Start of Block

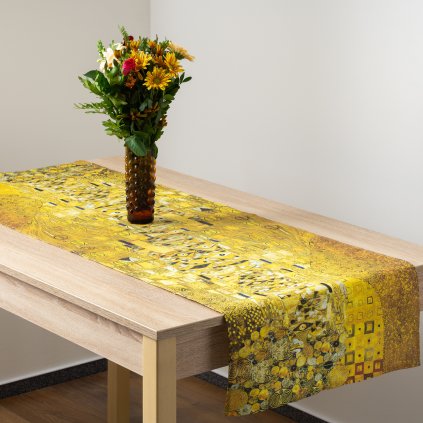 Lněný běhoun na stůl  Gustav Klimt Adele Bloch Bauer II (Rozměr ubrusů 220x50 cm)
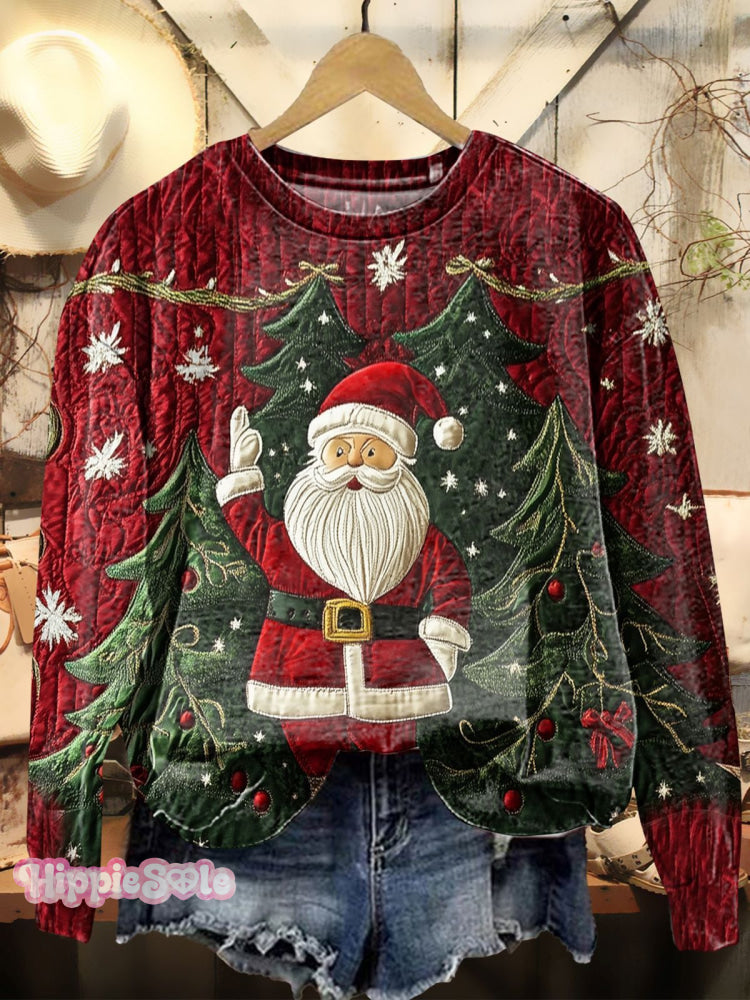 Women’s Christmas Winter Santa Claus Textured Prints Casual Sweatshirt Multicolor / S
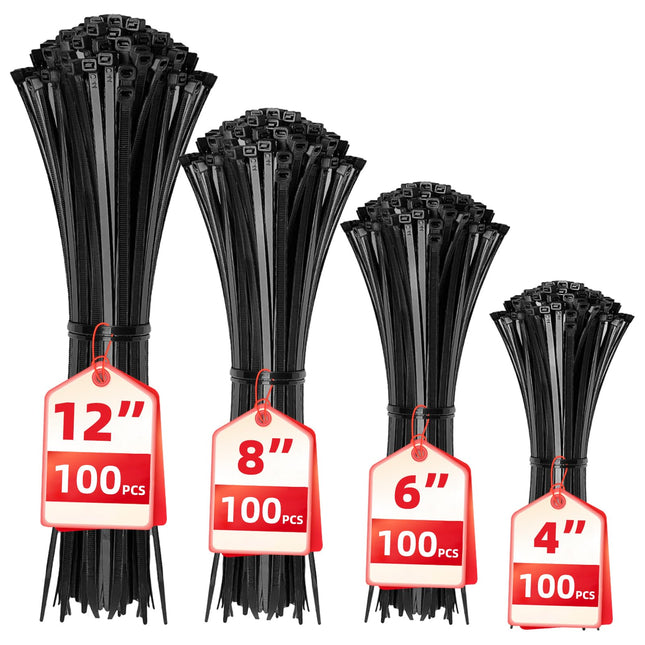 Cable Zip Ties,400 Pack Black Assorted Sizes 12+8+6+4 Inch,Multi-Purpose Self-Lo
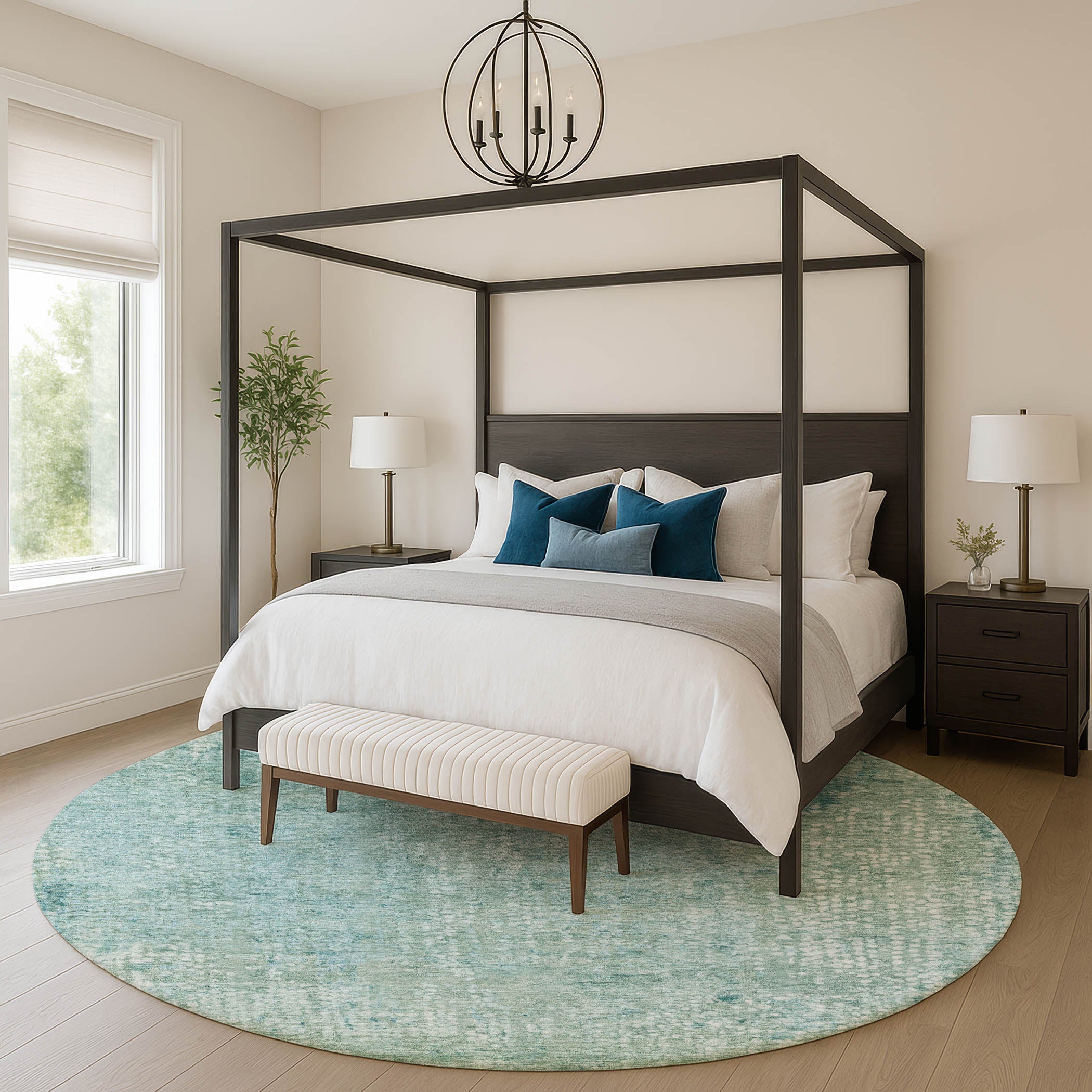 Baku Machine Washable Transitional Teal Rug 8' x 8' #shape_Round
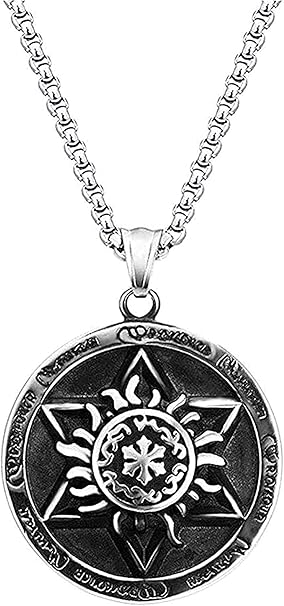 Coole Punk Kreis Retro Edelstahl Sun Star of David Anhänger Halskette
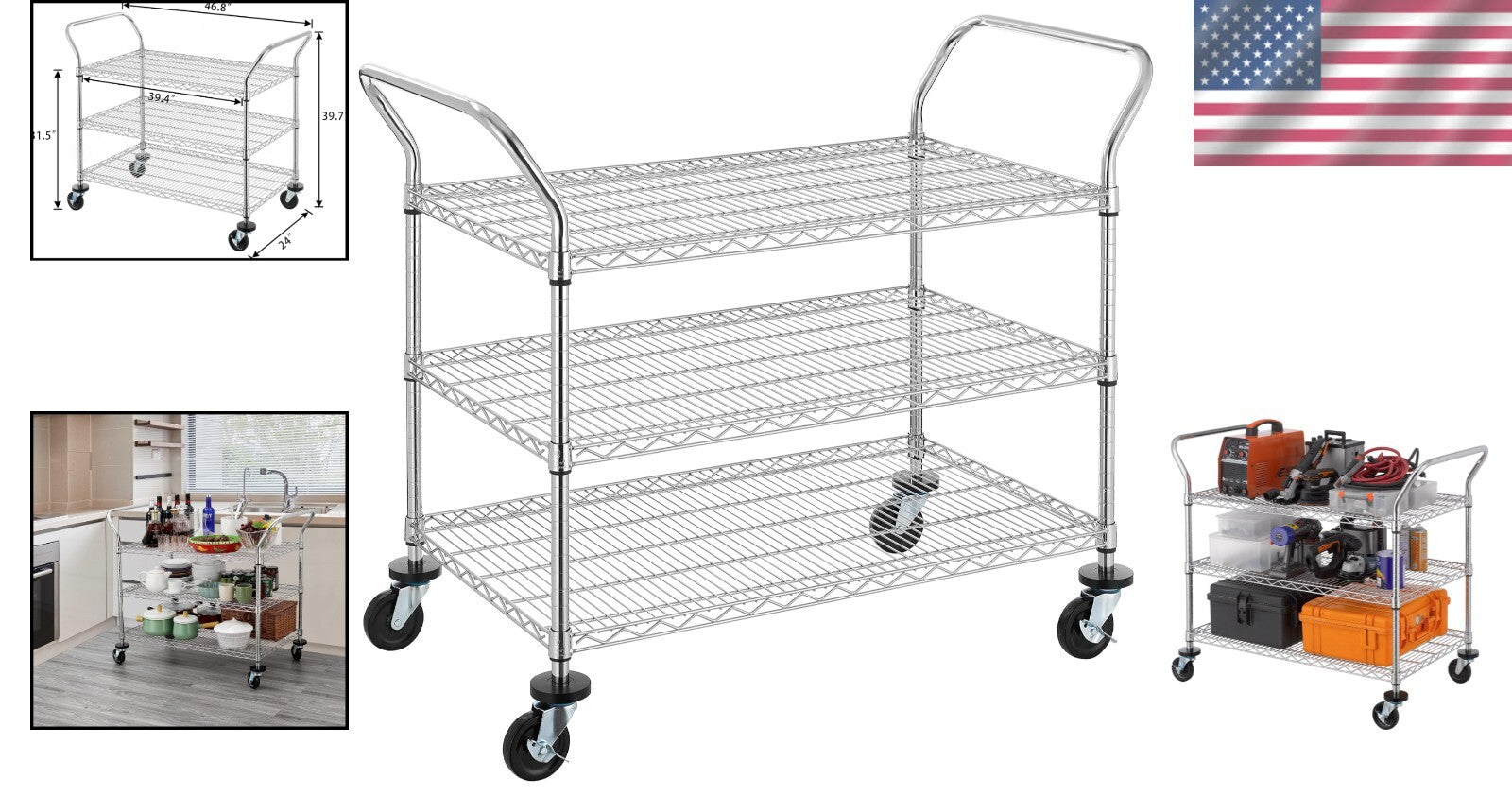 Commercial Grade Heavy Duty 3-Tier Utility Cart with Ergonomic Handles & Wheels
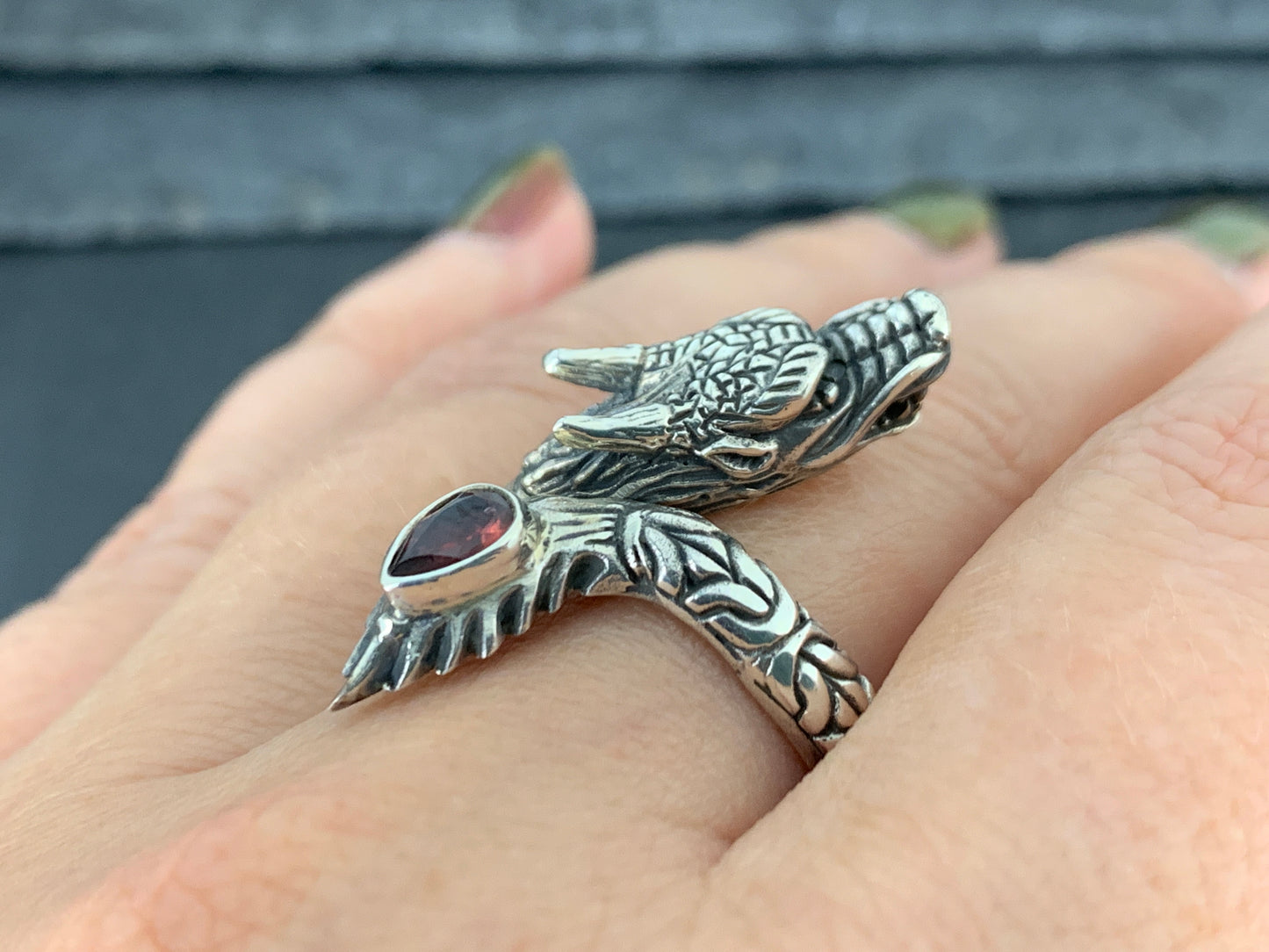 Sterling Silver Garnet Ring. Sterling Silver Dragon Ring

End of Block

(EXERCISE REQUIREMENTS):
After dropping every picture, transcribe each entry exactly.

(THE COMPLETED TASK):
 Lněný běhoun na stůl  Gustav Klimt Adele Bloch Bauer II (Rozměr ubrusů 220x50 cm)
 Women’s Christmas Winter Santa Claus Textured Prints Casual Sweatshirt Multicolor / S
 Cable Zip Ties,400 Pack Black Assorted Sizes 12+8+6+4 Inch,Multi-Purpose Self-Lo
 Baku Machine Washable Transitional Teal Rug 8' x 8' #shape_Round
 Coole Punk Kreis Retro Edelstahl Sun Star of David Anhänger Halskette
 Commercial Grade Heavy Duty 3-Tier Utility Cart with Ergonomic Handles & Wheels
 Sterling Silver Garnet Ring. Sterling Silver Dragon Ring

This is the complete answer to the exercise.